Haaland out of tune as Dortmund warm up for Bayern with Wolfsburg win

By Sports Desk May 23, 2020

On the day it was announced that Mario Gotze will be leaving Borussia Dortmund again, it was Erling Haaland who played the role of forgotten man in a 2-0 win at Wolfsburg.

It's the stunning rise of players such as Haaland that has brought Gotze's second spell at his boyhood club to an end. Last time, he was leaving for Pep Guardiola's Bayern Munich; seven years on, nobody is sure of his next move.

He does not suit the flowing 3-4-3 in which Haaland, Jadon Sancho, Thorgan Hazard and Julian Brandt are thriving - head coach Lucien Favre admitted as much on Friday. While not exactly a relic at 27, Gotze needs a new lease of life in fresh pastures. His career has drifted for too long for a player of his talent.

Sitting as an unused substitute on Saturday, he might have sympathised as Dortmund's latest young superstar went missing.

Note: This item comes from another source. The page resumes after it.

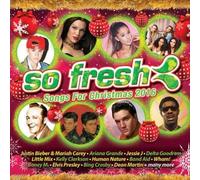 So Fresh: Songs for Christmas 2016 by Various Artists [CD] NEUF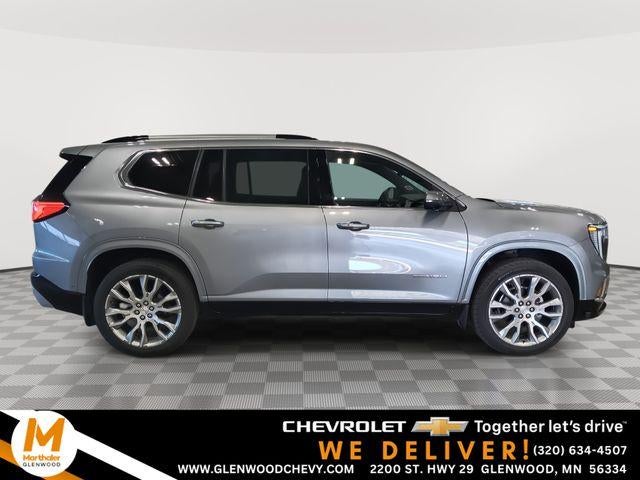 2025 GMC Acadia AWD Denali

Between joining from Salzburg in January and facing Wolfsburg this weekend, Haaland had scored 10 goals in six starts in the Bundesliga. His latest came in last week's 4-0 derby of thrashing of Schalke, in which he set up Raphael Guerreiro for the fourth. The 19-year-old has been in Germany barely five months and is already in high demand, lined up for a move to Real Madrid and touted as the heir to Brazil great Ronaldo.

All this made his performance against Wolfsburg surprising. He managed 29 touches, only one more than goalkeeper Roman Burki, won under half of his duels and lost possession nine times. His 20 attempted passes was the lowest number of any outfield player to start the match bar Daniel Ginczek, who was withdrawn after 64 minutes.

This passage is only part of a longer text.